I push myself up, my legs trembling but holding. “I’ll do better than you,” I gasp, a grin splitting my face. “Just watch me.”
Axl throws an arm around my shoulders, his body solid and warm against mine. “Come on, my lady. Time for a shower. You’ve earned it.”
I lean into him, but then a flash of lights catches my attention.
No siren, no big flashy arrival with screaming tyres and armed forces spilling out. Just a simple flicker on the edge of the campus.
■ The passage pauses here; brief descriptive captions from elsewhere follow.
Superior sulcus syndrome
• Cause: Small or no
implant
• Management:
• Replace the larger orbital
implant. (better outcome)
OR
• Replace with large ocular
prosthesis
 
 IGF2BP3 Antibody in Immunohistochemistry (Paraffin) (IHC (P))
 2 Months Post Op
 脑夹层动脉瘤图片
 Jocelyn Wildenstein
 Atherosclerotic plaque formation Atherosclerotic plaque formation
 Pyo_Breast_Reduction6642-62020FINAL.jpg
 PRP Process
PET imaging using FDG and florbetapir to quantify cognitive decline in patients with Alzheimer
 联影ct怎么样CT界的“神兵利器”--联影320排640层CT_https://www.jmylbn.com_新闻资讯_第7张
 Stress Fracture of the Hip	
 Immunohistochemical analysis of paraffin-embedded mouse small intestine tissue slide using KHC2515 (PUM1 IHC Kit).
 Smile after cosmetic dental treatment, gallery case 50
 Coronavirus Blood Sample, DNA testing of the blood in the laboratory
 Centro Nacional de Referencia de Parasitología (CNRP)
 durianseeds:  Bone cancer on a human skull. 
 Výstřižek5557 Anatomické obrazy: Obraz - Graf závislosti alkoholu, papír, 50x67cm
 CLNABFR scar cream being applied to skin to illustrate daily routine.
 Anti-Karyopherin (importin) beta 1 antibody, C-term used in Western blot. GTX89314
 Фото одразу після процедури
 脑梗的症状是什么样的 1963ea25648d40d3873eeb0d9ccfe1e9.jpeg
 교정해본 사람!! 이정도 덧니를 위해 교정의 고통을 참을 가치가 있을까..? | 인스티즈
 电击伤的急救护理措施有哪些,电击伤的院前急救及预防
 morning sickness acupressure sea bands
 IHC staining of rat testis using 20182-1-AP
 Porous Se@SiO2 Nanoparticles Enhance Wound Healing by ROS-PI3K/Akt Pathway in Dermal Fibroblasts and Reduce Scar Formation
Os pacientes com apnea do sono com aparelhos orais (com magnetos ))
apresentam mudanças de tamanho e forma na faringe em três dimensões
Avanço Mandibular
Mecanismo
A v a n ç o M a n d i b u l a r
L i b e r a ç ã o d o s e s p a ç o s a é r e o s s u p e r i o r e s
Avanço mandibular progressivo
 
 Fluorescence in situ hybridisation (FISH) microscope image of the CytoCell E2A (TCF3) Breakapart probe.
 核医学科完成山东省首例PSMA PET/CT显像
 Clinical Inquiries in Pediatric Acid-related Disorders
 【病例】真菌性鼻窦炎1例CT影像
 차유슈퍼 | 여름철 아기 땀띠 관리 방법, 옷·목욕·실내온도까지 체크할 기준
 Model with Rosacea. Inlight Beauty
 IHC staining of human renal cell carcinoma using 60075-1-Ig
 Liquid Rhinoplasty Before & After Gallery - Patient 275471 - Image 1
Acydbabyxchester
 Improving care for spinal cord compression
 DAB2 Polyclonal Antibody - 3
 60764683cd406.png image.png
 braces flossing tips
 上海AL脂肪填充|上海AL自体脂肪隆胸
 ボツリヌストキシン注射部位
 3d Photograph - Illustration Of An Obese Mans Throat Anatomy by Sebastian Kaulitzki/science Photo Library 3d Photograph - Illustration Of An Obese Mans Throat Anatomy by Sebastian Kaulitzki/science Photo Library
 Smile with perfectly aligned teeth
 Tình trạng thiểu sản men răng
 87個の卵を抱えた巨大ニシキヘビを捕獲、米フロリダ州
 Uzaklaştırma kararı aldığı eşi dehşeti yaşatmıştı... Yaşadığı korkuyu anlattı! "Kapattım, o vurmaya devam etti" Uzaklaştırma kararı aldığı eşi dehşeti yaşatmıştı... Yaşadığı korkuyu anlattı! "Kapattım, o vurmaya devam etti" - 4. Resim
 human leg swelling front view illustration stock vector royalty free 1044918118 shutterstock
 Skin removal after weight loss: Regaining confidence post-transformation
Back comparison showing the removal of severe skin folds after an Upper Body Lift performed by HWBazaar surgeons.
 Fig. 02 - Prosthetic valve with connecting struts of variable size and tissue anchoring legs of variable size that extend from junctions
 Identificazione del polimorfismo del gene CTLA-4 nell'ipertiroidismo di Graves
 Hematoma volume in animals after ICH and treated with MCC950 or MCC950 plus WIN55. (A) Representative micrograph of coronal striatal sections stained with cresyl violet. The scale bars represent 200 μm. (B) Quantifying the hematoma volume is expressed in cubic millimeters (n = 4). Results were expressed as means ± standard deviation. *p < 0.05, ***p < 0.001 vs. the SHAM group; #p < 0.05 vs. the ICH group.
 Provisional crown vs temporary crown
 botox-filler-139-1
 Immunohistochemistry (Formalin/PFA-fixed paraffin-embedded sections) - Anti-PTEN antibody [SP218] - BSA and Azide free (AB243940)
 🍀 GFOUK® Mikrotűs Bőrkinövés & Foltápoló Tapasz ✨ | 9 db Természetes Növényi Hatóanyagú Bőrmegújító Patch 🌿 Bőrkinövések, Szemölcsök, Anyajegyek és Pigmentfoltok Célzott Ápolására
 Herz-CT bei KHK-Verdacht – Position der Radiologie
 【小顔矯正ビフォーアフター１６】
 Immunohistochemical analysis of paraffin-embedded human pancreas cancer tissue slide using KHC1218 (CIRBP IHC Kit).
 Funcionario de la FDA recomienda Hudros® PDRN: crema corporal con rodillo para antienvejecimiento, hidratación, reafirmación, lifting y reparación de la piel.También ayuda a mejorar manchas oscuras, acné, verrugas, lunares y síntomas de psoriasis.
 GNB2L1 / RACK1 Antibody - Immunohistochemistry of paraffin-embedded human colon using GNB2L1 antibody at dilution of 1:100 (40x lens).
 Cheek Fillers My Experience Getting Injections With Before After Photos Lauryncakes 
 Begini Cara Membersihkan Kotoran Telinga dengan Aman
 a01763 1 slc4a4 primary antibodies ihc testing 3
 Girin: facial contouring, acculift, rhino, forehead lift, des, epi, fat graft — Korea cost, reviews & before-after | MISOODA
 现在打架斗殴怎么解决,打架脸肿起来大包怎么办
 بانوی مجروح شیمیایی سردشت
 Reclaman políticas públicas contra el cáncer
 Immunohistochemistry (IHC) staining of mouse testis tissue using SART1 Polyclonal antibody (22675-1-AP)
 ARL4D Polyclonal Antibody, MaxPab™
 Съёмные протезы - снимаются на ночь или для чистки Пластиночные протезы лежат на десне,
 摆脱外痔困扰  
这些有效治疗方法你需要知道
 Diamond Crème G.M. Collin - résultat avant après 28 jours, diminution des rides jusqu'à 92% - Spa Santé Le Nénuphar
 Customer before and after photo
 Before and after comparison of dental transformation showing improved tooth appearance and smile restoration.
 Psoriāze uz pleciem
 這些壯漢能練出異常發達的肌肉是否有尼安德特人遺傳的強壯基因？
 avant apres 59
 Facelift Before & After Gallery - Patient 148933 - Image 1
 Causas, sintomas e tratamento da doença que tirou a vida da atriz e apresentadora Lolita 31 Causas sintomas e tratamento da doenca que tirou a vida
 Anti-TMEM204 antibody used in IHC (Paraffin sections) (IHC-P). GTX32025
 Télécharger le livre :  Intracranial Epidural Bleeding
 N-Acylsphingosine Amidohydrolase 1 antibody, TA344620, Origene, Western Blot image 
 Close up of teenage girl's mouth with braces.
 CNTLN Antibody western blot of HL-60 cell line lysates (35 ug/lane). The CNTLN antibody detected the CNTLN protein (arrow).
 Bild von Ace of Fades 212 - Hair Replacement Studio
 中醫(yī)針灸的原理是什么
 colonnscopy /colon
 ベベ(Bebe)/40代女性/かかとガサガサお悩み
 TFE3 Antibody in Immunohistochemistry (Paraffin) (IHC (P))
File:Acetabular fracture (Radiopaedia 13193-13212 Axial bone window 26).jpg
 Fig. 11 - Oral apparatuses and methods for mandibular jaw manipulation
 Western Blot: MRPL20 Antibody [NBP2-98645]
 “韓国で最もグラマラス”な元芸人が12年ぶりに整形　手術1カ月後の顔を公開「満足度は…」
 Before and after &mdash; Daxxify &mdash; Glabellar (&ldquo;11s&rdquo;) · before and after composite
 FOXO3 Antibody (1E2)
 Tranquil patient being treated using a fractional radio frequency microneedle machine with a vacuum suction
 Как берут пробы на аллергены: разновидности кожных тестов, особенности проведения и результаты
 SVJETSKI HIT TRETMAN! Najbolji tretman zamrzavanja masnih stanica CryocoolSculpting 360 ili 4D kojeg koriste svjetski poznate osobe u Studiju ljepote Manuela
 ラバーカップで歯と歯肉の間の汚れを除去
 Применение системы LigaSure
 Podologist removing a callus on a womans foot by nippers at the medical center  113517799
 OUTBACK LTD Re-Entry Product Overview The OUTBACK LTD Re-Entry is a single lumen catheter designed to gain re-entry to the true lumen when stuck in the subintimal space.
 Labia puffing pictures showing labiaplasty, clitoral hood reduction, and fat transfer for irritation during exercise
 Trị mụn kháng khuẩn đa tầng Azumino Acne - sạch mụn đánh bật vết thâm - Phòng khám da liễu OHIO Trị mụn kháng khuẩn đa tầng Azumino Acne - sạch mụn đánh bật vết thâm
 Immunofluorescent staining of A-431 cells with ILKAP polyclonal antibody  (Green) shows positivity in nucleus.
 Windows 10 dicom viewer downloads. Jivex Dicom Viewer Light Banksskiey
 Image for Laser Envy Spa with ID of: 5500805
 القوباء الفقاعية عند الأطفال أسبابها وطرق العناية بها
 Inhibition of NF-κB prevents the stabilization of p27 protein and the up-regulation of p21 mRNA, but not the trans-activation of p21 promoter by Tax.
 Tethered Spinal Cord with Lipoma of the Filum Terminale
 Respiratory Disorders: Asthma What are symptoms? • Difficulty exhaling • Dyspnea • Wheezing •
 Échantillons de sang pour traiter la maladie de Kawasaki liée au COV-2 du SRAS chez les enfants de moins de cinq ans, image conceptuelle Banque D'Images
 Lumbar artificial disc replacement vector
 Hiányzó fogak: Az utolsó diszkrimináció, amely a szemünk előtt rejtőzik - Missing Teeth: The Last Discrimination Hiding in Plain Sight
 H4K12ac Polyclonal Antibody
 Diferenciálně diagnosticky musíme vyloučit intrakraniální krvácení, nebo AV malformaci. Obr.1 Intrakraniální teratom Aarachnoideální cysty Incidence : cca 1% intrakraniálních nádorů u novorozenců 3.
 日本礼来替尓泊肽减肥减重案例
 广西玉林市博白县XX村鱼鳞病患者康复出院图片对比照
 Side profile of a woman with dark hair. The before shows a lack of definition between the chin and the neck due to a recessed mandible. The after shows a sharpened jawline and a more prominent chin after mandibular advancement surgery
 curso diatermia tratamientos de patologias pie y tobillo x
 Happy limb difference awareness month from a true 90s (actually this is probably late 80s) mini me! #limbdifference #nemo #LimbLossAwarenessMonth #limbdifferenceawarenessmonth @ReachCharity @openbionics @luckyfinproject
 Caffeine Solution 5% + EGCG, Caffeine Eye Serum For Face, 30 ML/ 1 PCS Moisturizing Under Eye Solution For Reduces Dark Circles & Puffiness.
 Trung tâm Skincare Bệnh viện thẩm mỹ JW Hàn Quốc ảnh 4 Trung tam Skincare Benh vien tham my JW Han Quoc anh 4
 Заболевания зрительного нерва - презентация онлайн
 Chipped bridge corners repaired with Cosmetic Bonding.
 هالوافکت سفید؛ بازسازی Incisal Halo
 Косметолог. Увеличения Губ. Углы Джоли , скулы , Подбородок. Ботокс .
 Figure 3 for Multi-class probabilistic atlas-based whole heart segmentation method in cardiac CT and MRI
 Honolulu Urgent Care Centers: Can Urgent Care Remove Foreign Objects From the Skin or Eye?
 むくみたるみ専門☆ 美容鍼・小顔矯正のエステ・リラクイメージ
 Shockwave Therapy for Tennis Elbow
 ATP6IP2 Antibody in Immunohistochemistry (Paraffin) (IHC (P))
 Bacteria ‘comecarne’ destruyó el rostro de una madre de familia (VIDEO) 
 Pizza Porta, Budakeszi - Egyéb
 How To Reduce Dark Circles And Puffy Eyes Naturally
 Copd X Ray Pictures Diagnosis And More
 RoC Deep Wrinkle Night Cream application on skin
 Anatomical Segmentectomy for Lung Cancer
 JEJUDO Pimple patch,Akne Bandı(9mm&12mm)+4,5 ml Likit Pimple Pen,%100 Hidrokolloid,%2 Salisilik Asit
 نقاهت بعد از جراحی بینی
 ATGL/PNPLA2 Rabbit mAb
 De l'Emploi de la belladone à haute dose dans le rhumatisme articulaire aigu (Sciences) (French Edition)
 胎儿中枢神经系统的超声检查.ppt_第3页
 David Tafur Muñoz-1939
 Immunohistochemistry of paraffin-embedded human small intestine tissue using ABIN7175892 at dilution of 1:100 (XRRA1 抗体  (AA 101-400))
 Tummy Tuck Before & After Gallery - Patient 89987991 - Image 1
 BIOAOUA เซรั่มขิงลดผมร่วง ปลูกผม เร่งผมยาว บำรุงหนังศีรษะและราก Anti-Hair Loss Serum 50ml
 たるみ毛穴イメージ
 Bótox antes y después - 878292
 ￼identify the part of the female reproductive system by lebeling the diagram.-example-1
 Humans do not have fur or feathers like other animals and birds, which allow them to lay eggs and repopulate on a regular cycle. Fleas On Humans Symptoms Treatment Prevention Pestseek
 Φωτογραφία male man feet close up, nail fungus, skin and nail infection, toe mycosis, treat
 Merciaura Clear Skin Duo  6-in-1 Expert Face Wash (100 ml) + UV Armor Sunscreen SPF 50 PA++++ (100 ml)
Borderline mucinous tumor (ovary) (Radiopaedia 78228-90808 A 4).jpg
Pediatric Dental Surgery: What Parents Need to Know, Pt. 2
“Uh-oh,” Axl says, seeing it as well.
“Maybe not,” I say, staring at the obviously undercover Range Rover parked up. “Be right back.”
“Whoa, there,” Ciar says, snatching my wrist. “Not a chance in hell.”
“Look,” I say, stopping to stare up at him. “If they were going to arrest me, they’d have me flat on my face and cuffed by now. This is a conversation.”
He sees the logic. He knows the logic, but it goes against every protective instinct he has to trust it.
His fingers tighten for a fraction of a second before he lets go, his jaw a hard, unforgiving line.
He doesn’t like it, but he’s letting me take the lead.
I don’t look back as I walk across the damp grass, my muscles still screaming in protest. I can feel their eyes on me, three predators watching their queen walk into a potential trap.
The passenger door opens when I get closer, and a man, maybe in his early forties, leans over and says, “Get in.”
I look over my shoulder at my guys. They will go ballistic.
“I’m not here to arrest you,” the man says with a sharp smirk.
“There’s arrest and then there’s put down,” I reply.
“Not doing that either. Just talk.”
I weigh the options. My guys are fifty feet away, coiled springs ready to unleash hell. This guy is calm, almost bored. It’s not an ambush. It’s an interview.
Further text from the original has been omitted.